Our View: Be Careful Out There: It's Hunting Season

PIXABAY PHOTO 

While walking her dog in the woods near the bike trail off Queen Anne Road in Harwich Monday, a friend was startled to run into hunters — not just one or two, but 10, all toting rifles and apparently seeking deer. She'd never seen hunters in the area before, despite walking there often over many years. The hunters were polite and warned her that she should be wearing bright colors, since it was hunting season. She left the encounter shaken and more than a little worried that things could have gone sideways, for her or other walkers in the area.

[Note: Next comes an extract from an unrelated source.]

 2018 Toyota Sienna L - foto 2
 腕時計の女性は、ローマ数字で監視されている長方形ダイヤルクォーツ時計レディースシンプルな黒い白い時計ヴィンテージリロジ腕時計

Like encounters earlier this year between duck hunters and beach walkers in Chatham, the incident highlights a growing problem in our area: more people and less open space for traditional activities like hunting. Currently, hunting is allowed on public lands that are not posted, but it may be time for local towns to consider expanding no-hunting areas, particularly where hunters are likely to come into conflict with other recreational users, such as near bike trails and public beaches.

This may not be a popular position. Last spring, Harwich voters rejected banning hunting in the Bell's Neck Conservation Area, and Brewster just allowed bow hunting for deer in a small section of The Punkhorn conservation area. Hunting has a long tradition on the Cape. But the open spaces to pursue game such as deer and sea ducks are diminishing; organizations like the Harwich Conservation Trust and Chatham Conservation Foundation own considerable amounts of open land and don't allow hunting. With more people here year-round, conflicts are inevitable.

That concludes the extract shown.